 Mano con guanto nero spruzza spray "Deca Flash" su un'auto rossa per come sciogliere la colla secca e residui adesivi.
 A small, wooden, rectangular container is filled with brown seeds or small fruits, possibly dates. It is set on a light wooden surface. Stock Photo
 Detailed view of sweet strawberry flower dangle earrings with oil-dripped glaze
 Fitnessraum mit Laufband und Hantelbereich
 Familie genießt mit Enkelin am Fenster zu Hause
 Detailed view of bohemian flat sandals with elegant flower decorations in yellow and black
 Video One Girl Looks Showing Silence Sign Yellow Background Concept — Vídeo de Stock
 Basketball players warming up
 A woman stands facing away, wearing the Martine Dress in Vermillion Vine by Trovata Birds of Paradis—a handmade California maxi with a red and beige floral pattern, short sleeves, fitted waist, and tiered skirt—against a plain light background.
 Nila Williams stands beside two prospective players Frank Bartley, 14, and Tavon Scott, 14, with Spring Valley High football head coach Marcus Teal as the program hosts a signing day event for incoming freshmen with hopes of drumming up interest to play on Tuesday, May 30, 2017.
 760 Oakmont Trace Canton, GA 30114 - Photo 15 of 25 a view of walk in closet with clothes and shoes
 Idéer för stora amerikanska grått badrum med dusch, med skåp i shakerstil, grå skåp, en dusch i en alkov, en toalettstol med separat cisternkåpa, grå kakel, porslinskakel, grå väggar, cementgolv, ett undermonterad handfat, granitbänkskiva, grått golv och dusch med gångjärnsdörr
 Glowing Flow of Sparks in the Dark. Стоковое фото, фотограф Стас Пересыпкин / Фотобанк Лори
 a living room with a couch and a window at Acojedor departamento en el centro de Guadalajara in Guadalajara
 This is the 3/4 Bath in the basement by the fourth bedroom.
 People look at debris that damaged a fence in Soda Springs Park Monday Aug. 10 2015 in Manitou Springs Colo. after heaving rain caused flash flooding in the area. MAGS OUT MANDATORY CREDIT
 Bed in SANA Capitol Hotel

Exercise directions
Above are the records; from them, give again exactly the lines from the one containing "Detailed view of sweet" through the one containing "Idéer för stora", both included.

Answer box
 Detailed view of sweet strawberry flower dangle earrings with oil-dripped glaze
 Fitnessraum mit Laufband und Hantelbereich
 Familie genießt mit Enkelin am Fenster zu Hause
 Detailed view of bohemian flat sandals with elegant flower decorations in yellow and black
 Video One Girl Looks Showing Silence Sign Yellow Background Concept — Vídeo de Stock
 Basketball players warming up
 A woman stands facing away, wearing the Martine Dress in Vermillion Vine by Trovata Birds of Paradis—a handmade California maxi with a red and beige floral pattern, short sleeves, fitted waist, and tiered skirt—against a plain light background.
 Nila Williams stands beside two prospective players Frank Bartley, 14, and Tavon Scott, 14, with Spring Valley High football head coach Marcus Teal as the program hosts a signing day event for incoming freshmen with hopes of drumming up interest to play on Tuesday, May 30, 2017.
 760 Oakmont Trace Canton, GA 30114 - Photo 15 of 25 a view of walk in closet with clothes and shoes
 Idéer för stora amerikanska grått badrum med dusch, med skåp i shakerstil, grå skåp, en dusch i en alkov, en toalettstol med separat cisternkåpa, grå kakel, porslinskakel, grå väggar, cementgolv, ett undermonterad handfat, granitbänkskiva, grått golv och dusch med gångjärnsdörr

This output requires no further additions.